-- Available data follows --

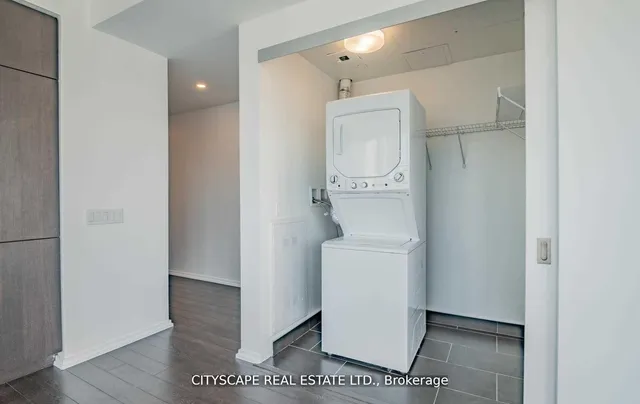 Additional image 9 of 197 Yonge St Unit 1512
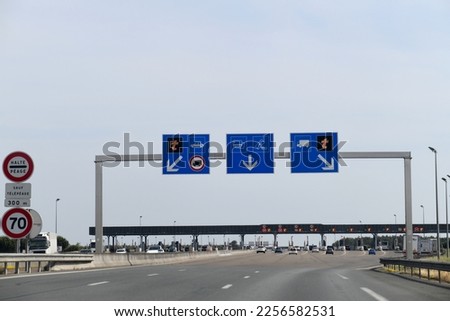 signs before the toll of a highway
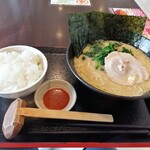 ごはんどき - 家系らーめん豚骨醤油 ライスセット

-- Available data concluded --

Exercise description ▸ Write out the data above in full and exactly, but not the pictures.

Answer to the exercise ▸
 Additional image 9 of 197 Yonge St Unit 1512
 signs before the toll of a highway
 ごはんどき - 家系らーめん豚骨醤油 ライスセット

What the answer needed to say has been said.